Three feet of rain? Really?
Do you realize what three feet of rain would be like?
Every inch of rainfall typically raises the water level in ground water (rivers lakes and streams) by about a foot.
It would be the precipitation equivalent of 30 feet of snow.
Has three feet of rain ever fallen in one location in one storm? Not in the absence of a cyclone or hurricane.
Thomas logging out.
Oh ye of little faith, I certainly hope the forecasters are wrong but if these mega monster pacific storms stall over the mountains it can rain like you would not believe. Not one single storm but but a series of storms over the next 5 days.
As I stated we had 29 inches over 4 days back in the 80's so after that I believe it can happen. I do remember in the winter of 82-83 when Sugarbowl ski resort west of Lake Tahoe had over 850 total inches of snow.
They're referring to this phenomenon of a relatively narrow band of heavy rain as an "atmospheric river". It's something like 3 storms lined up over 5 days -- out of the Hawaiian area of the Pacific.

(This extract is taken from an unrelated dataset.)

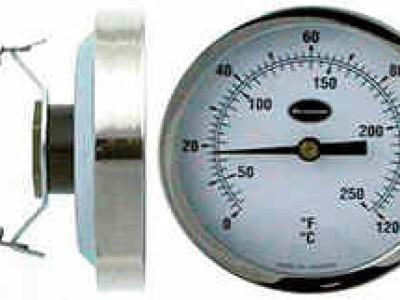 Hvac Clip-On Thermometer, 0 To 120 Deg C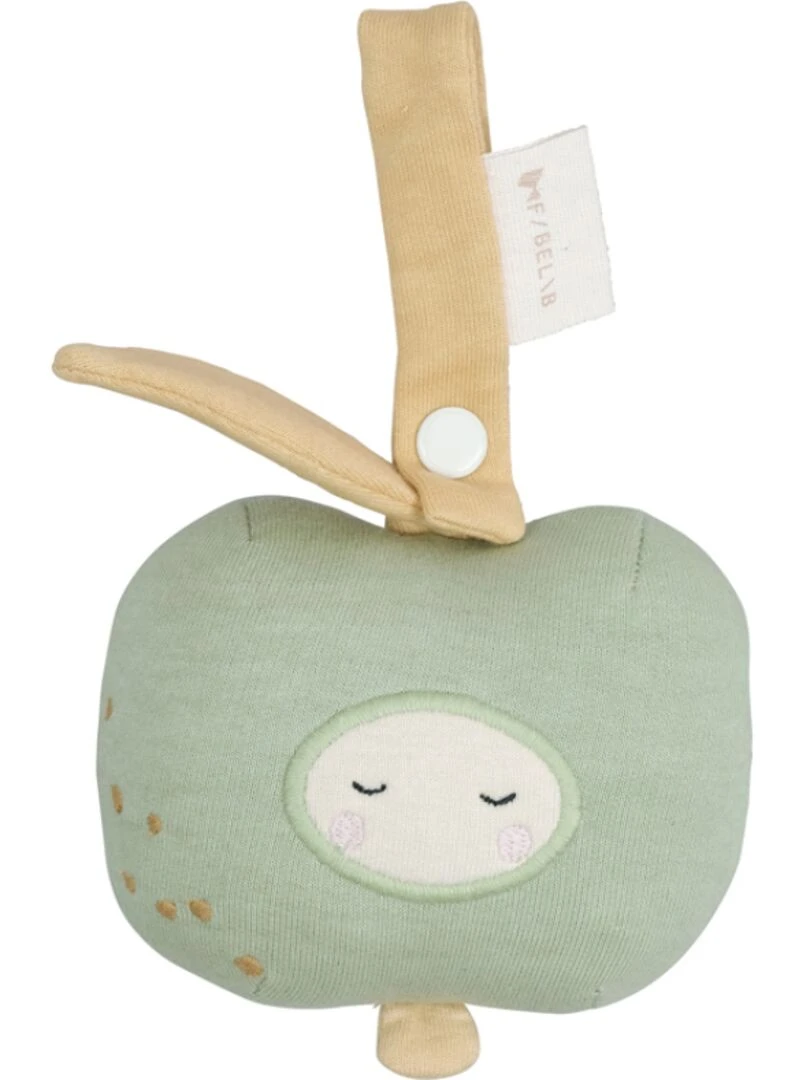 Hochet à suspendre en coton bio pomme verte N/A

Fred's right that an inch of rain equates to roughly 10" of snow, give or take a couple inches due to temperature and moisture content variations. But Doug's right in talking about Sugar Bowl's snowfall totals. (I've had numerous seasons passes at Sugar Bowl, Alpine Meadows and Squaw Valley over the decades.) These are on the Pacific Crest, and you have to remember that the Sierras poach the atmospheric moisture first -- before it gets to the rest of the country. I remember Alpine Meadows still having a 30 foot base in June one year, open until July 4. I used to live in the lee of Alpine Meadows on the west shore of Lake Tahoe, and once got ~5 feet in one afternoon.
It's not for nothing that Sacramento's aging levee system is ranked first or second in the country for disaster potential now. The really scary scenario is a heavy but warm storm front (high snow level like this) hitting a substantial snow pack later in the season and adding the melt run-off to the otherwise heavy rain run-off. 3 feet in 5 days sounds like a lot, and I really don't expect to see it, but I wouldn't say that's impossible here.
Now, it's a fair comment that the weather guessers have been wrong more often than they are right, esp. with respect to quantitative amounts. (For those who remember Pete Giddings on TV out of the Bay Area, his snow reports were almost legendary among Tahoe locals as a joke -- he'd report 5 feet had fallen and we'd wonder aloud if he was measuring the berms thrown up by the plows.)